Per gli antichi rappresentava sia il Sole che il cielo plumbeo, carico di pioggia, tanto che gli Arcadi pensavano che per far piovere bastasse scuotere uno dei suoi rami e pensavano, addirittura, che gli esseri umani prima di diventare uomini fossero delle querce. Per i Greci le querce erano" le prime madri" ( mangiare i suoi frutti era ritenuto propiziasse sia la procreazione che la fecondità), dove i Dioscuri ellenici trovarono rifugio per sfuggire ai loro nemici; si racconta che sia stato il primo albero a crescere sulla terra, producendo non solo le ghiande, ma anche il miele (attraverso le api). Altra antica credenza era che un tronco di quercia bruciato la vigilia di Natale significasse rinnovamento, rinascita , ritorno alla luce dopo il buio.

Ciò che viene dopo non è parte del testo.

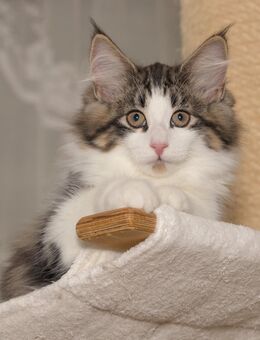 Norwegische Waldkatze Kitten Jette mit Papieren - Chemnitz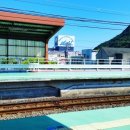 크라슈 | 도쿄 워홀 D+249~250 _ 시즈오카 1박2일 여행 (1)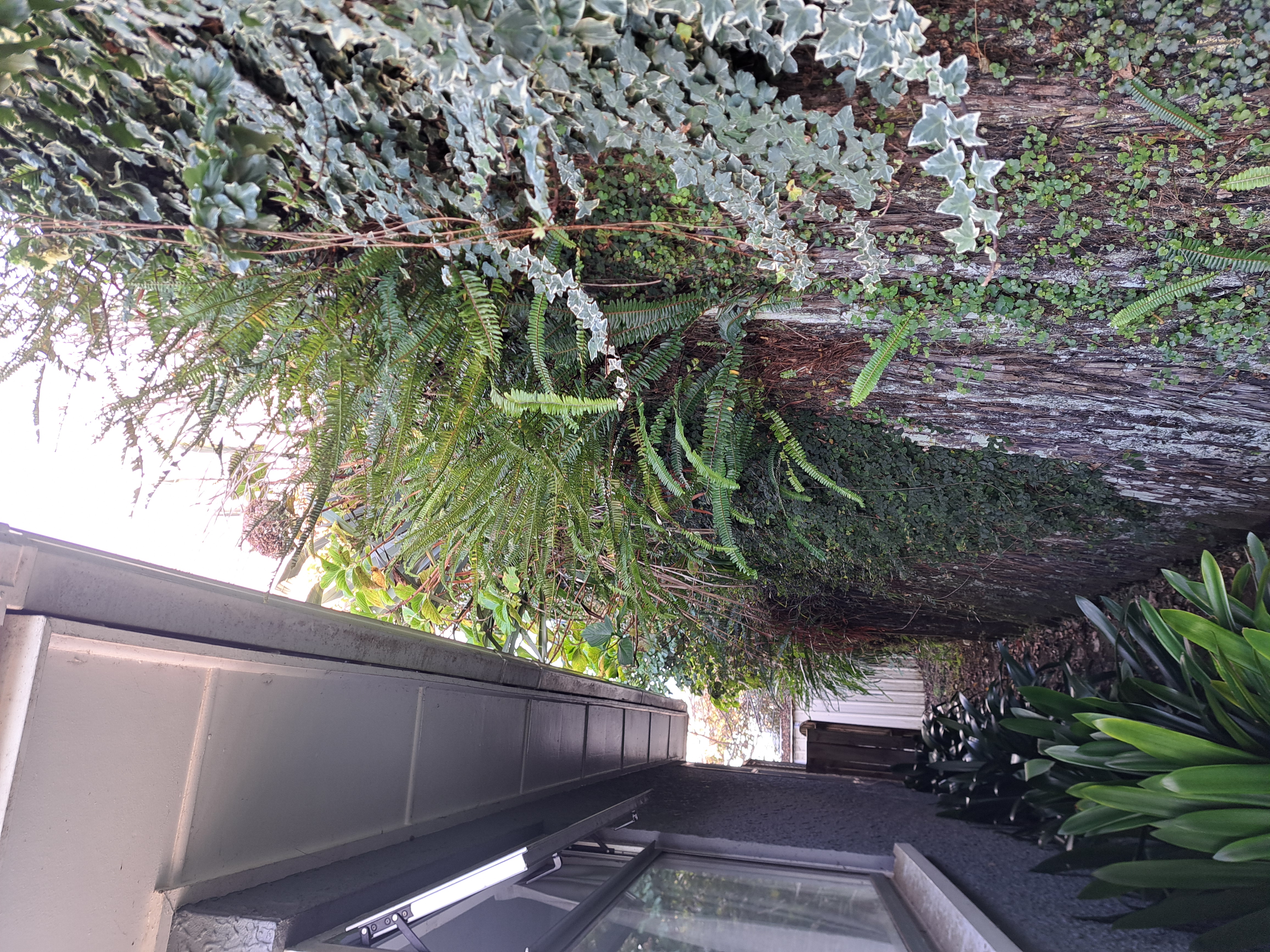 Description of before photo 1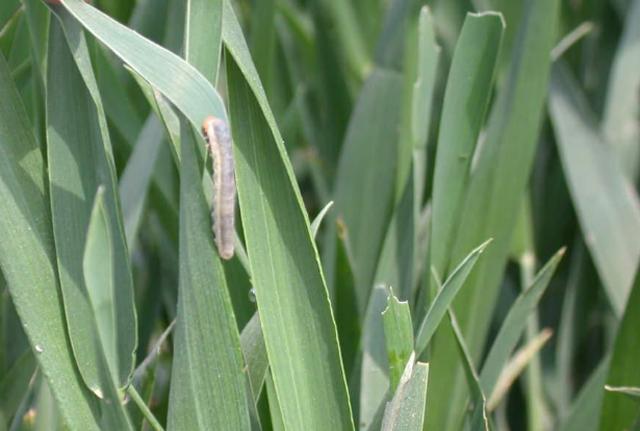 小麦虫最佳防治时间,小麦生虫出蛾怎样防控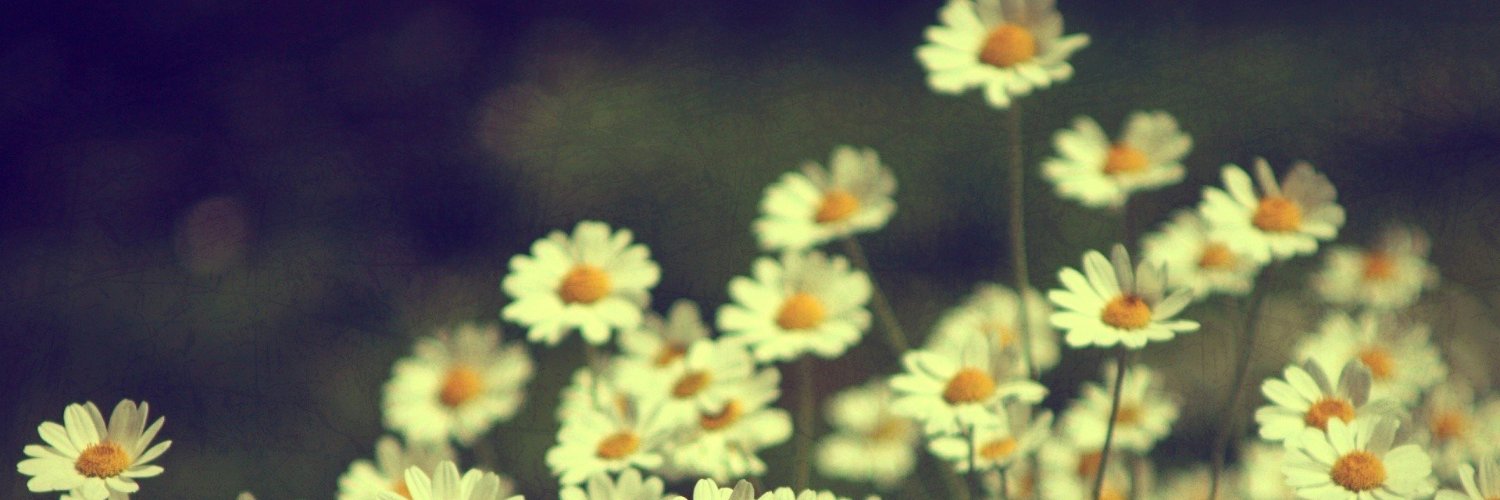 NBogdevic's profile banner image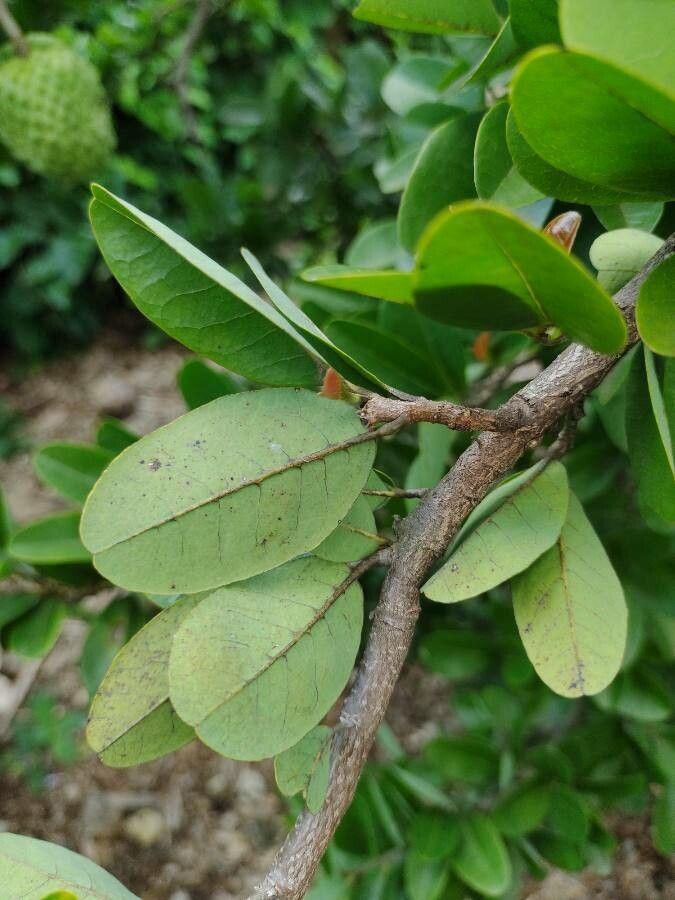 Annona spinescens — search result for 'Annona'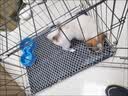 狗笼子室内带厕所分离家用便携中型犬小型犬笼子泰迪比熊狗笼 珍珠黑-笼子+接便盘 61*42*50(20斤以内） 实拍图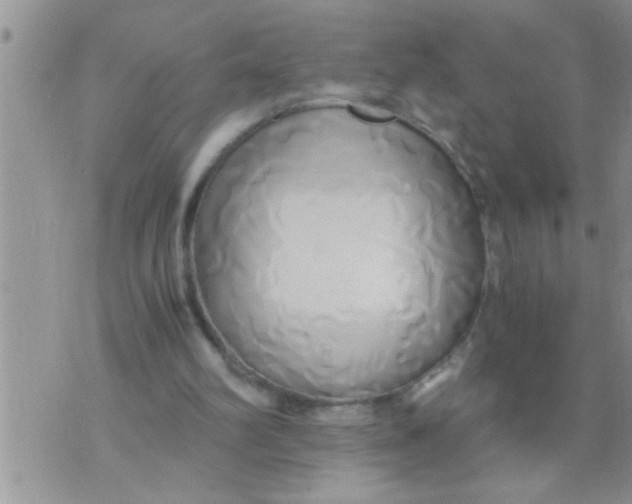 X0000071380102200607142120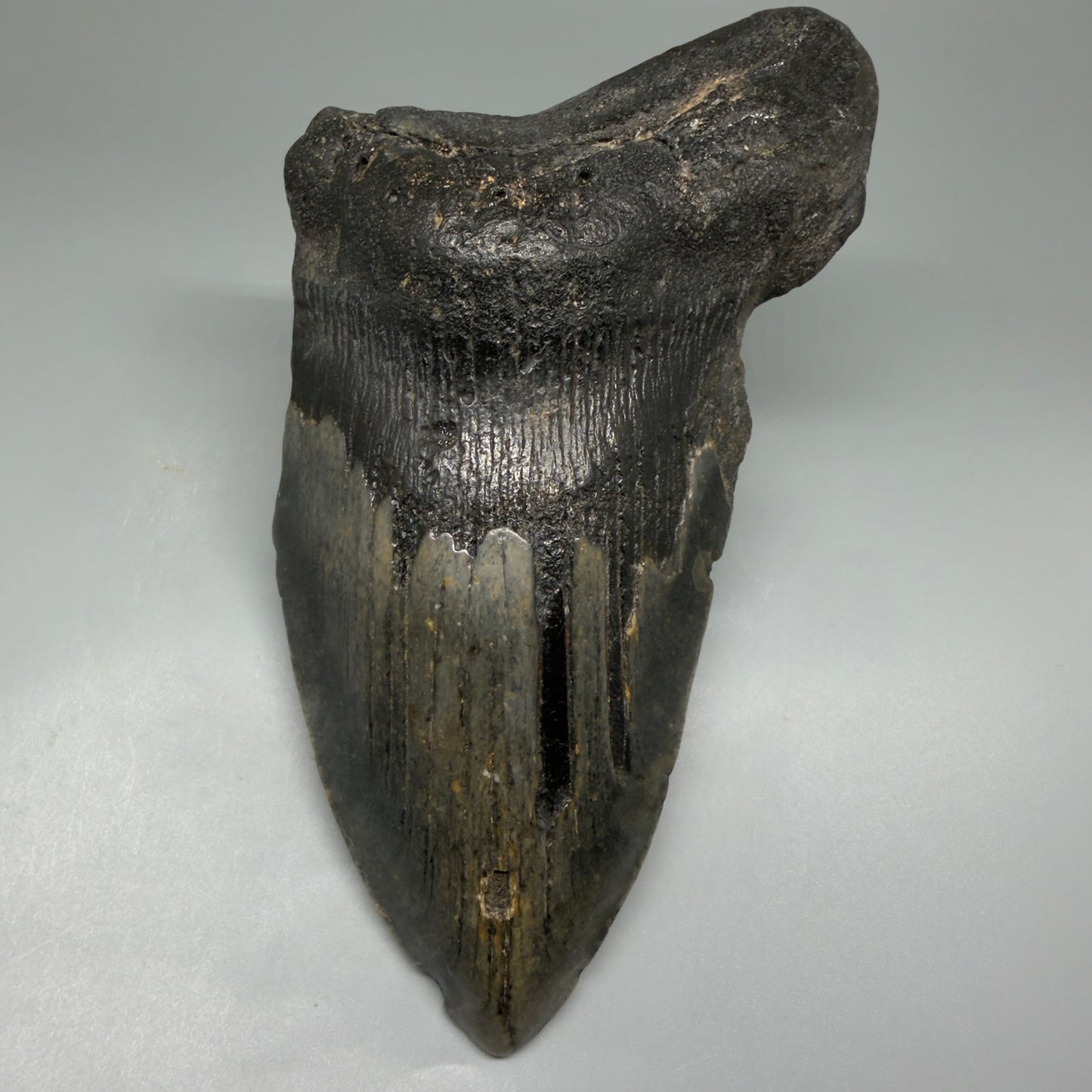 Front View HUGE 6.23" Fossil Megalodon Shark Tooth - Wilmington North Carolina CM5647 - 1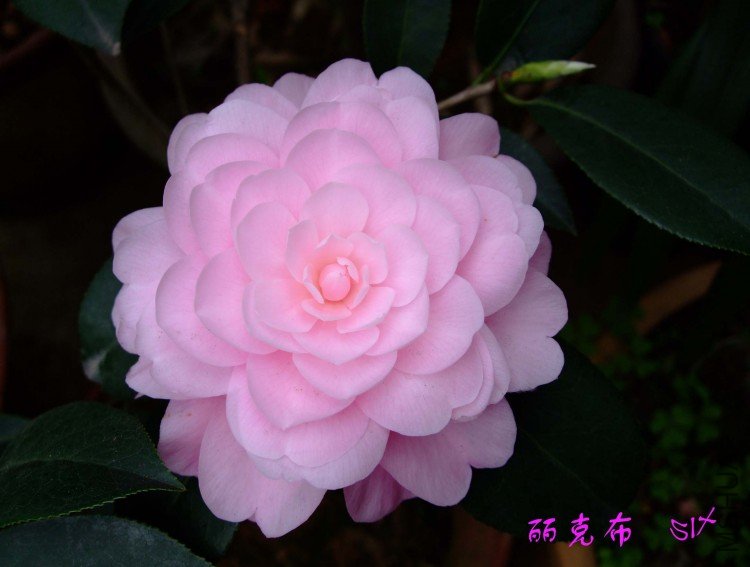 ���˲�  10-4-4(1).jpg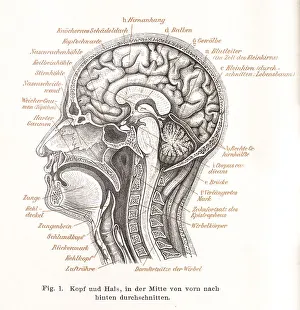Medicine, anatomy, illustration of a section through the human head with mouth
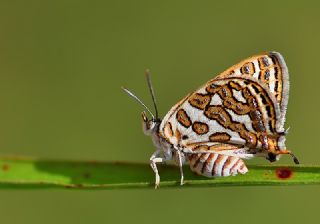 eytanck (Cigaritis acamas)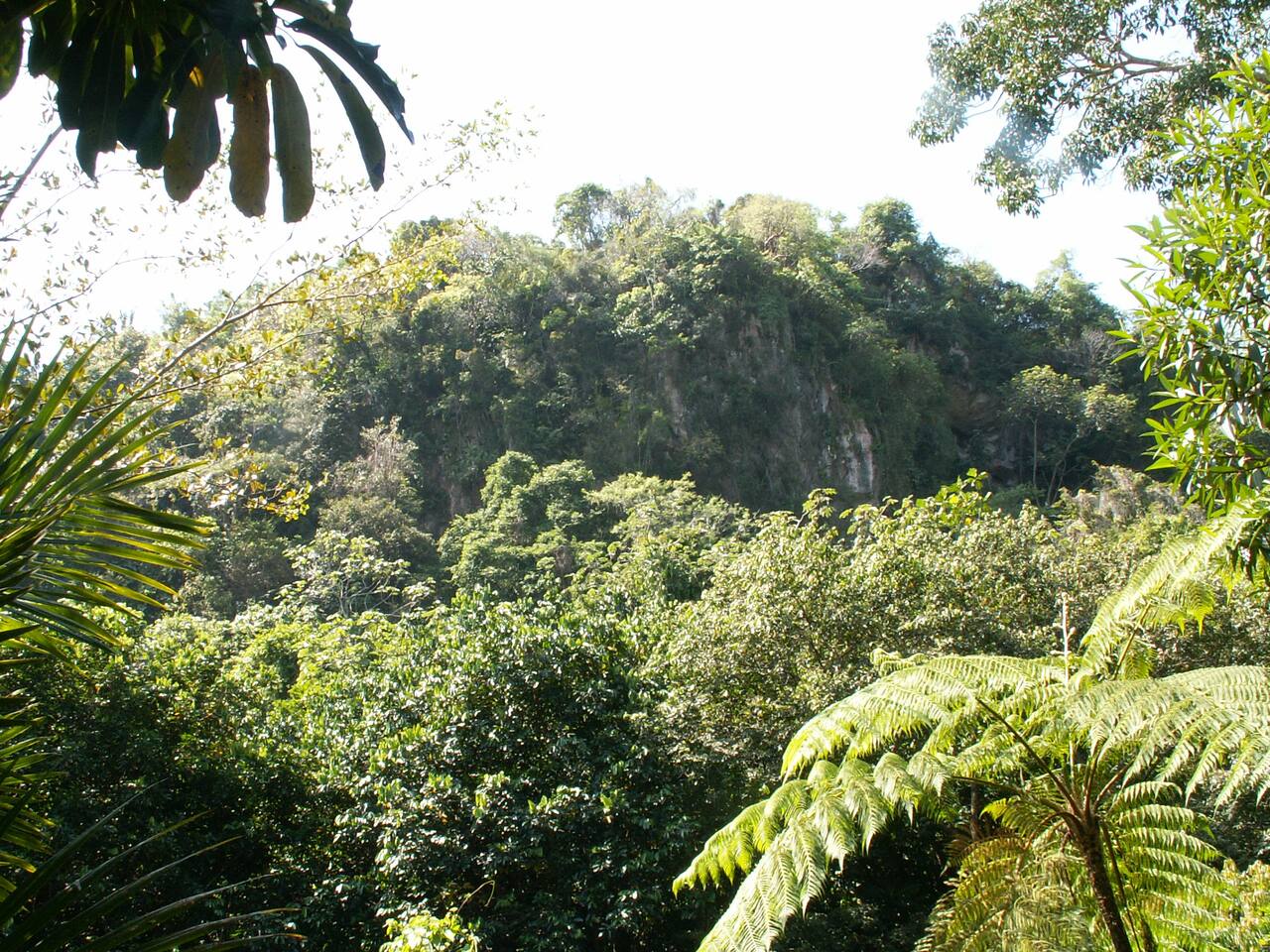 500' cliff with bat caves - adjacent to property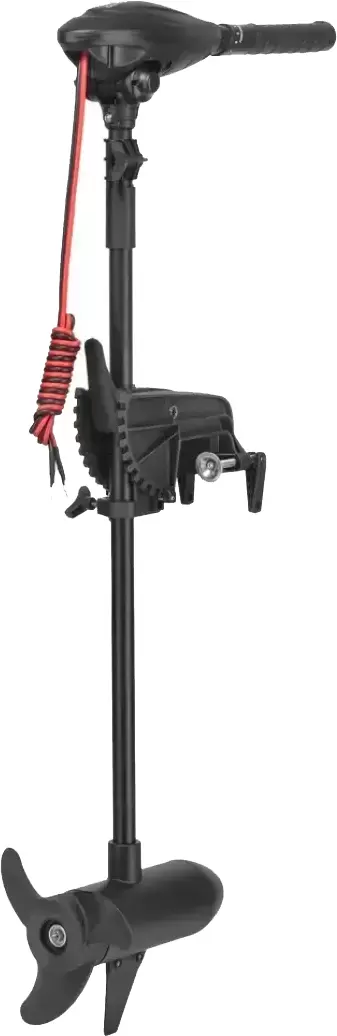 Лодочный мотор Haswing Osapian 40 lbs фото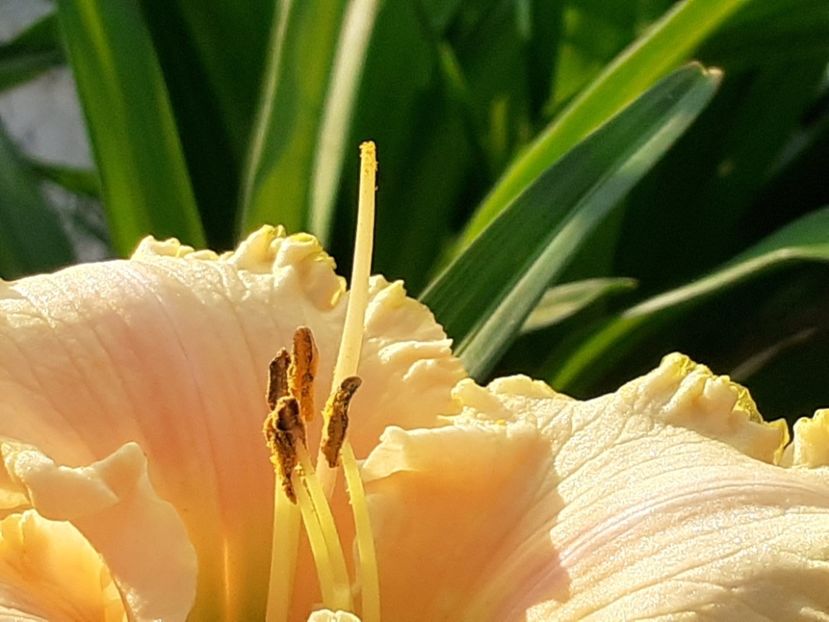 Ed Brown - Hemerocallis 2022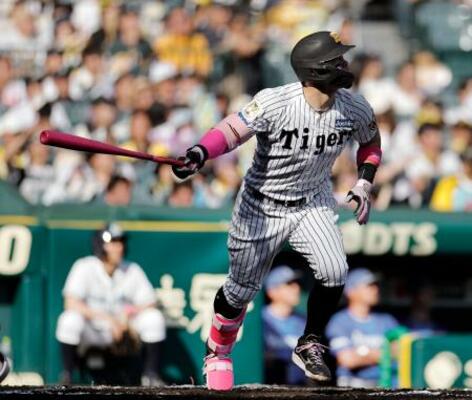 　６回阪神１死、佐藤が左中間に本塁打を放つ＝甲子園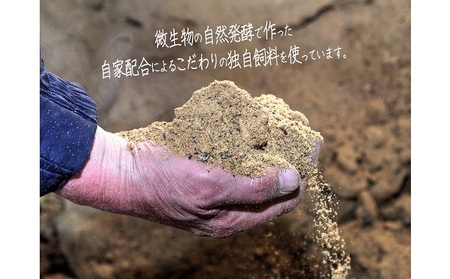 熟成豚肉セット 長谷川の自然熟成豚 味噌漬け ロース 熟成豚肉セット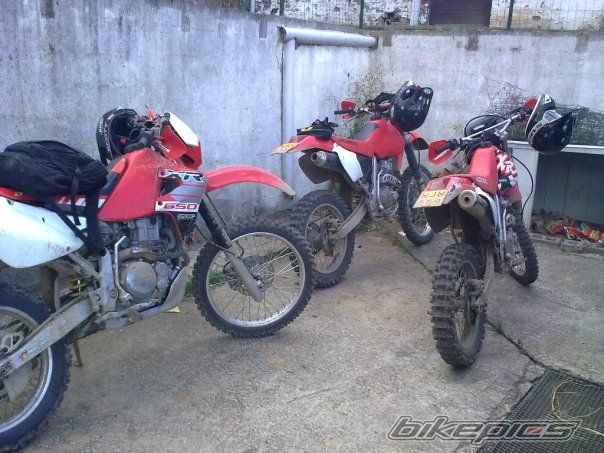 2002 HONDA XR 400 | Picture 1780674 motorcycle photo
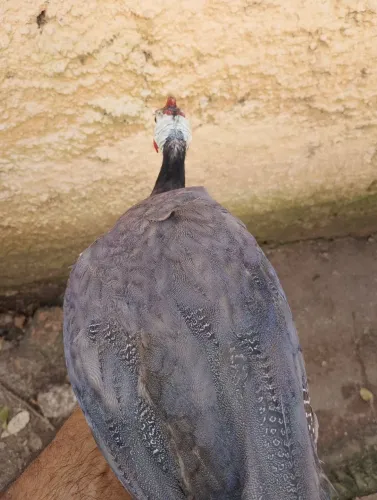 Ovos de angola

Tutte le parti della pianta erano considerate preziose; il vischio ricavato dalle querce era considerato anticamente un buon rimedio contro la sterilità delle donne, un potente afrodisiaco, oltre che un antidoto contro i veleni o le malattie in generale. Questo attribuito potere curativo fece si che i Druidi definissero quest’albero " curatutto" e lo amavano e adoravano come adoravano la propria casa. Una bellissima leggenda narra che l'Aurora(Medea) ed il Sole (Giasone) si incontrano in cielo e viaggiano tutta la notte su una nave, dove Atena figlia di Zeus aveva portato un truciolo di quercia di Dodona per salvare gli Argonauti dal naufragio. Una curiosità astrologica, infine, narra che i nati il 21 Marzo sono protetti, secondo l'oroscopo celtico, dalla quercia.

Dopo aver esaminato l’albero, vediamo ora i suoi frutti.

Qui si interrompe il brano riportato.